Conclusion and policy implications

This study examines the role of globalization on ecological footprint in Turkey while controlling economic growth, energy consumption, and trade openness. To achieve this objective, we employ dual adjustment approach (proposed by Ismihan (2019)). The econometric method offers robust results:

  1. (i)

    The variables are mixed order of integration.

  2. (ii)

    The null hypothesis of no common HP trend is rejected in all cases, i.e., with the four different smoothing parameters.

  3. (iii)

    There is a long-run linkage between ecological footprint and globalization, economic growth, energy consumption, and trade openness.

  4. (iv)

    Ecological footprint is stationary around the common component of globalization and other control variables (Co-HP trend).

  5. (v)

    Globalization has significant and positive effects on ecological footprint in the long run, meaning that environmental sustainability is negatively affected by globalization in Turkey in the long run.

  6. (vi)

    We fail to capture any significant effect of globalization on ecological footprint in the short run.

  7. (vii)

    In the long run, ecological footprint is positively affected by economic growth.

  8. (viii)

    The effect of economic growth on ecological footprint also remains effective in the short run as well.

  9. (ix)

    Energy consumption deteriorates environmental sustainability in the long run.

  10. (x)

    In the short run, ecological footprint is negatively affected by trade openness in Turkey.

  11. (xi)

    The variables ecological footprint, globalization, energy consumption, and trade openness are cointegrating. In long run, globalization, GDP and energy consumption are important factors in explaining ecological footprint.

  12. (xii)

    Except trade openness, all variables are important in explaining ecological footprint in case of Turkey.

  13. (xiii)

    The long-run elasticities of energy consumption, globalization, trade openness, and GDP are 0.350%,0.151%, − 0.001% and 0.356%.

  14. (xiv)

    The results of DOLS method are consistent with the findings of FMOLS.
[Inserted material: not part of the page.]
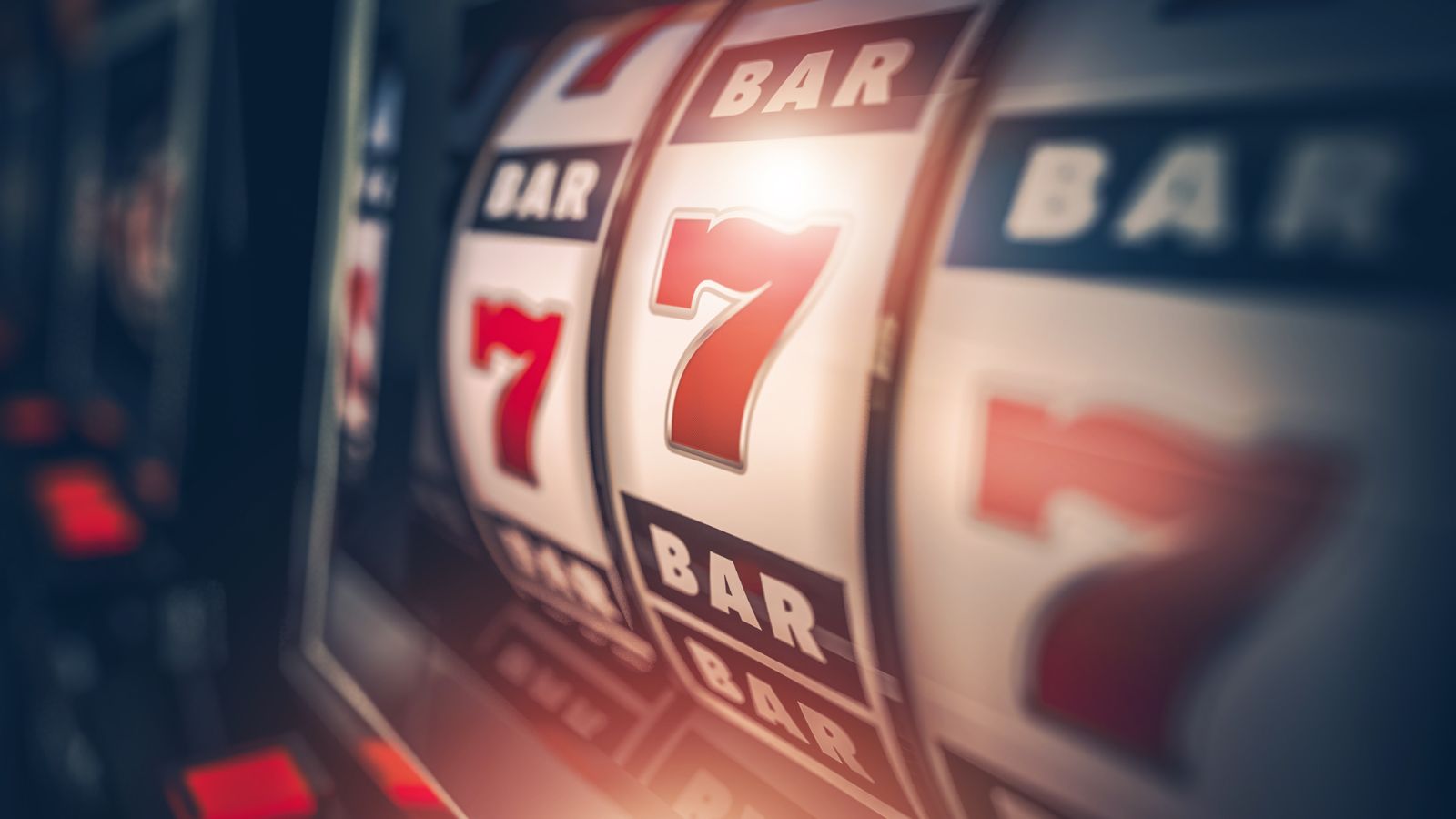 How to choose the best slots in poland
In terms of policy implications, this study suggests that in order to improve the environmental quality, Turkey should adopt such policies that encourage energy consumers to shift toward renewable energy. Moreover, the government should take necessary steps to diversify the overall energy mix toward renewable energy. Moreover, different eco-innovation strategies should be adopted, which aim to shift the industrial structure from non-renewable energy to sustainable energy. The government should also adopt the carbon pricing approach in order to restrict the increasing trend in CO2 emissions. Furthermore, since globalization deteriorates environmental quality, policymakers should devise strategies to evaluate the environmental sustainability of foreign investment, and steps should be taken against entities using obsolete dirty technologies. In addition, international investors should be persuaded to use technology that is clean and to engage in cleaner energy projects by providing attractive benefits. The social collaboration with other countries should be strengthened, and domestic media should be used to encourage environmental consciousness.